Reform of export controls must not lead to legal uncertainties for German industry

In September 2016, the European Commission adopted a reform proposal, which sets out extensive changes to the EC dual-use regulation and thus could have a negative impact on the development of Europe and Germany as technology locations. It is now up to the European Parliament and Council to ensure a cautious and sound judgement in the legislative procedure, because the proposed provisions of the proposal for a regulation 2016/0295 (COD) are disproportionate and go beyond the objective.

A core concern of the European Commission is to harmonise EU export controls more strongly. This is a good idea provided that definitions are sharpened and capacities of national licensing authorities are developed. A comparable level of control within the EU is important. However, new rules should not be created as long as the existing rules are not evenly implemented and enforced in EU Member States.

Beyond this, the European Commission would like to strengthen the so-called human security approach in export controls. The export of technologies should be regulated more strictly if they can be deployed for surveillance purposes. Henceforth, such technologies should no longer be exported to countries where there is a risk that human rights could be violated using these technologies.

Safeguarding human rights is a central concern also for industry. However, the current reform proposal raises many questions. Some of the reform ideas could even place a considerable burden on German industry. In particular, the development of digital infrastructures would be affected negatively if, as currently envisaged, a vague catch-all clause were to make all cyber-surveillance technologies subject to export licence reservation. Software and hardware to monitor and evaluate (big) data flows or processes are now comprised in virtually all industrial applications.
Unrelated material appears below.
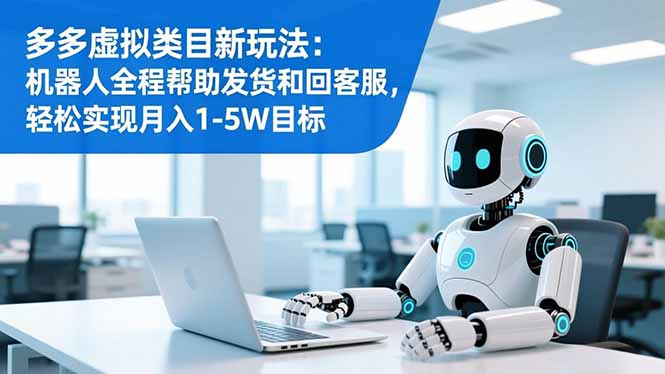 多多虚拟类目新玩法：机器人全程帮助发货和回客服，轻松实现月入1-5W目标-轻创网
Among others, the following infrastructures are affected:  

  1. Smart energy, water, and gas provision. Security and monitoring technologies serve to protect against attacks and help to close security gaps. In addition, network loads are analysed in order to steer the desired energy mix.
  2. Smart traffic concepts. Security and monitoring technologies enable smart traffic management systems and help where rail, roads, air corridors, and waterways are highly digitised. Among other things, they help to protect against personal injuries.
  3. Industrial plant construction and e-health increasingly use security and monitoring technologies for data analysis, error-minimised control and remote diagnosis. Telecommunications networks also face comparable challenges.

Large uncertainties for companies

In case of vague catch-all rules, there would be great insecurity about the legal interpretation. The question of when a delivery increases the risk of human rights violations in a specific case is difficult for companies to answer. It would be difficult to predict the time needed to scrutinise individual cases. The usual IT and list-based risk control would be impossible. Companies would endeavour to have individual assessments carried out by authorities not only in doubtful cases or in cases which are clearly eligible for a licence. Instead, they would endeavour such official assessment regularly by way of precaution. Under no circumstances should policy-makers offload their responsibility on to companies and leave them in the dark about whether or not their product requires a licence. As apart from the sensitive political judgement, it is unclear what information sources companies must consult or assess and to what extent. Organisational obligations in the compliance structure are also unpredictable.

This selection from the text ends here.